REQUIRED WORK ::
Below is a listing; reproduce exactly its lines from the one containing "Icicles along US" to its last line, both ends kept, and no other lines.

DATA TO PROCESS ::
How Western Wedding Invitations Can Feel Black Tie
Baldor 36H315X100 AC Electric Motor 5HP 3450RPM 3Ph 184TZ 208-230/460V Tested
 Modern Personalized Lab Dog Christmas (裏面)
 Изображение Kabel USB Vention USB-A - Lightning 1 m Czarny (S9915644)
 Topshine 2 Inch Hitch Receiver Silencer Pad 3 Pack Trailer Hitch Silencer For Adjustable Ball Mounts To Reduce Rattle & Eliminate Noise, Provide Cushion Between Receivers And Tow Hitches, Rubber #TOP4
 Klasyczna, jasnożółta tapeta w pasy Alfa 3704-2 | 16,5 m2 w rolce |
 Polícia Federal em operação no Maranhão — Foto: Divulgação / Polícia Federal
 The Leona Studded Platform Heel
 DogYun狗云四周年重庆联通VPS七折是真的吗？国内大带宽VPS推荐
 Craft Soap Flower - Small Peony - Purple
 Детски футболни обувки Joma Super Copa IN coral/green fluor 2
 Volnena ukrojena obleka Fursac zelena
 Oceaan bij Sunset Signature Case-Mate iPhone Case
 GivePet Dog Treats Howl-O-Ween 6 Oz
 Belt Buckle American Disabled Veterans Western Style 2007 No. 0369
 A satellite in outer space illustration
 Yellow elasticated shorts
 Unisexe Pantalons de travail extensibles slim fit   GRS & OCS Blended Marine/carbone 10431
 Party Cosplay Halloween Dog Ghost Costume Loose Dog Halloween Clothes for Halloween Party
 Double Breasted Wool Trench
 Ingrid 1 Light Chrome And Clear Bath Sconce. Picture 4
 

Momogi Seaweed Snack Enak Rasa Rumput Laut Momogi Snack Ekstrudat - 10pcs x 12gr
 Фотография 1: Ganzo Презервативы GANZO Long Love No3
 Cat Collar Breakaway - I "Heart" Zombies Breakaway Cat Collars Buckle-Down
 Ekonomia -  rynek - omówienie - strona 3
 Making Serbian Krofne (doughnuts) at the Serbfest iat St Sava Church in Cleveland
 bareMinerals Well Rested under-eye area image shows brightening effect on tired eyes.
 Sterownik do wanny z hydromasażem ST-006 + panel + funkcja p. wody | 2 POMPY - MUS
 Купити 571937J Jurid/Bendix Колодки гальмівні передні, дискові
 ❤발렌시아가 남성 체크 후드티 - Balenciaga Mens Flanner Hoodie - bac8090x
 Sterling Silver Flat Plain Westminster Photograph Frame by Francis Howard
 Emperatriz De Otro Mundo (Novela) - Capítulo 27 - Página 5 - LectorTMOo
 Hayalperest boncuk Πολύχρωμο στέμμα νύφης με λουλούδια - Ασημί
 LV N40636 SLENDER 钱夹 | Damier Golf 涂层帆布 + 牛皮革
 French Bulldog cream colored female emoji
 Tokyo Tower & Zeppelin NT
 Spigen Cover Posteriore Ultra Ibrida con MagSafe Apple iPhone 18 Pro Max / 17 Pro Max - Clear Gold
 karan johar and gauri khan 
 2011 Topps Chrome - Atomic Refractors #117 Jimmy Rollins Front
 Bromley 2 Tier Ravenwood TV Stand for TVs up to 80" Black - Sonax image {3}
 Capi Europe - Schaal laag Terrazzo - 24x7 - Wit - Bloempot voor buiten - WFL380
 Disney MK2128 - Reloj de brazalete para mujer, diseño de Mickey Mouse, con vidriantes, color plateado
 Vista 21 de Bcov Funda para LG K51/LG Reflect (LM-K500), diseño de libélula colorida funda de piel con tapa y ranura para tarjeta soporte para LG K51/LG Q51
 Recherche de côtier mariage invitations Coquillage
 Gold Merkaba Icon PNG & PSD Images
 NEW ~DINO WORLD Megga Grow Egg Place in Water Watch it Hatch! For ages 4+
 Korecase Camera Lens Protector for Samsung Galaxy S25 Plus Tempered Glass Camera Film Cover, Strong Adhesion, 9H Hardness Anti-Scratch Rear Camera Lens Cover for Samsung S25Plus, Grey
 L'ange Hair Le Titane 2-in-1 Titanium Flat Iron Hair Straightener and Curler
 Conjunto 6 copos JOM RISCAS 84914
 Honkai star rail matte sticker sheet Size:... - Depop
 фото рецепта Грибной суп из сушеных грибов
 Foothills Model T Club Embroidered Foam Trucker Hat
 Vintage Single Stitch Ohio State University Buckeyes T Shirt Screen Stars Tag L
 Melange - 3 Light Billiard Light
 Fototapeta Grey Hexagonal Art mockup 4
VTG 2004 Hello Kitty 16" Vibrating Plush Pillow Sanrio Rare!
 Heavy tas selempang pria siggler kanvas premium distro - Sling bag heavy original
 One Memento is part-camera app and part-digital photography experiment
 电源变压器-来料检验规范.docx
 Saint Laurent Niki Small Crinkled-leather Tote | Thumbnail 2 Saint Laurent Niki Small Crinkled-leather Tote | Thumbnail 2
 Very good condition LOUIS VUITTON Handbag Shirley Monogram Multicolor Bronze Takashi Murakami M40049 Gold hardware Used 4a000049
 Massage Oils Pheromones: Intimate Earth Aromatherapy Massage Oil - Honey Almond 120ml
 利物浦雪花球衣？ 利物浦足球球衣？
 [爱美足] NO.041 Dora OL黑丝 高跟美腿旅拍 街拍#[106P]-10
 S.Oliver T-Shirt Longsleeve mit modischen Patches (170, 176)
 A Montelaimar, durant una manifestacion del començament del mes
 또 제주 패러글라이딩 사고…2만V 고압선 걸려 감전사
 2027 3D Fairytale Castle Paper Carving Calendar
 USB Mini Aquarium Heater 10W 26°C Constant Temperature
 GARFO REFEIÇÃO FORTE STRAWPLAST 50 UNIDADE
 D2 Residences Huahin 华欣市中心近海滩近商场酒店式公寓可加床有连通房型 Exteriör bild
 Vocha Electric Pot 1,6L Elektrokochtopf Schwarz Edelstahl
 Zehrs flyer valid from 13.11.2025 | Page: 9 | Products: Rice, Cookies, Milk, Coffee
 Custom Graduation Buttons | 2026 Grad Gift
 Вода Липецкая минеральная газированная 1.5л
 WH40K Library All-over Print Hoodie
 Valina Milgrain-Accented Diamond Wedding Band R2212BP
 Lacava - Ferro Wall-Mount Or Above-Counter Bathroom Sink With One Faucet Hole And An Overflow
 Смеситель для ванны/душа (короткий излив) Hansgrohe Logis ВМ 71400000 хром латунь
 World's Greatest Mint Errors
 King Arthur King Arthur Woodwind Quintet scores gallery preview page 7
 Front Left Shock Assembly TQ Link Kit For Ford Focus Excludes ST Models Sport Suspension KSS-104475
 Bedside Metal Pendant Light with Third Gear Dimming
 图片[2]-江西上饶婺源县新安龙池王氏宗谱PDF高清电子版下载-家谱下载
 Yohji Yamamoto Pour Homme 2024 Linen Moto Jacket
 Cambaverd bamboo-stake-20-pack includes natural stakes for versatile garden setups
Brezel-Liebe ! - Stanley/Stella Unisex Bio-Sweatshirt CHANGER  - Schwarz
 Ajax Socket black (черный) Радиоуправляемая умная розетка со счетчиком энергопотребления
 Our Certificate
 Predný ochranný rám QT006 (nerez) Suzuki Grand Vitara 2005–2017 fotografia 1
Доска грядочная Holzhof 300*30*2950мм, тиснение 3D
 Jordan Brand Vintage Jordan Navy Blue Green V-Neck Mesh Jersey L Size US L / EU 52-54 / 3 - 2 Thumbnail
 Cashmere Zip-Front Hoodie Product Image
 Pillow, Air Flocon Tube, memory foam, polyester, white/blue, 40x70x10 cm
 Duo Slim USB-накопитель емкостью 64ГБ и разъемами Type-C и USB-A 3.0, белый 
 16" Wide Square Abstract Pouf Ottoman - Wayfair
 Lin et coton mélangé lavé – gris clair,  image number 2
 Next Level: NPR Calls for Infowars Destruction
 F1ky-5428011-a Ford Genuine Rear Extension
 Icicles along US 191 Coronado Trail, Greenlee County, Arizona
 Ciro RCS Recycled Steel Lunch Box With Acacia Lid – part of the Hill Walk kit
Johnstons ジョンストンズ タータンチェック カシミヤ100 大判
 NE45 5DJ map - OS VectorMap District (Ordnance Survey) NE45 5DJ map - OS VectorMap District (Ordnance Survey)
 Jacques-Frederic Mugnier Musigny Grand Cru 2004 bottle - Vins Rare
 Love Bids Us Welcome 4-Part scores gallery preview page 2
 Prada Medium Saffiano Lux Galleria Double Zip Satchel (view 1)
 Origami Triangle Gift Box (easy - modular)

ANSWER SECTION ::
 Icicles along US 191 Coronado Trail, Greenlee County, Arizona
 Ciro RCS Recycled Steel Lunch Box With Acacia Lid – part of the Hill Walk kit
Johnstons ジョンストンズ タータンチェック カシミヤ100 大判
 NE45 5DJ map - OS VectorMap District (Ordnance Survey) NE45 5DJ map - OS VectorMap District (Ordnance Survey)
 Jacques-Frederic Mugnier Musigny Grand Cru 2004 bottle - Vins Rare
 Love Bids Us Welcome 4-Part scores gallery preview page 2
 Prada Medium Saffiano Lux Galleria Double Zip Satchel (view 1)
 Origami Triangle Gift Box (easy - modular)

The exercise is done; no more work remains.